Give back exactly the lines from the one containing "Dorayaki, come cucinare" through the end of the records, including both, and no others.

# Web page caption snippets
==*==

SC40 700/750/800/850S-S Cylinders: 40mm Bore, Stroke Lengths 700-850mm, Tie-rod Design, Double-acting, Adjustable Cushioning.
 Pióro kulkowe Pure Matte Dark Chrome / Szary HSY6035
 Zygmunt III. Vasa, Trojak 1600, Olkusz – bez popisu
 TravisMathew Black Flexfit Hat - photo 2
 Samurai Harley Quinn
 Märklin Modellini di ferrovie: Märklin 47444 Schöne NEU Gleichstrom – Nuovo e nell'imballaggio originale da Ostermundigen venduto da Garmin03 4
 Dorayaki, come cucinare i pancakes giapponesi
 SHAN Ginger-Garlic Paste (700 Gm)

==*==

# Answer to this task
 Dorayaki, come cucinare i pancakes giapponesi
 SHAN Ginger-Garlic Paste (700 Gm)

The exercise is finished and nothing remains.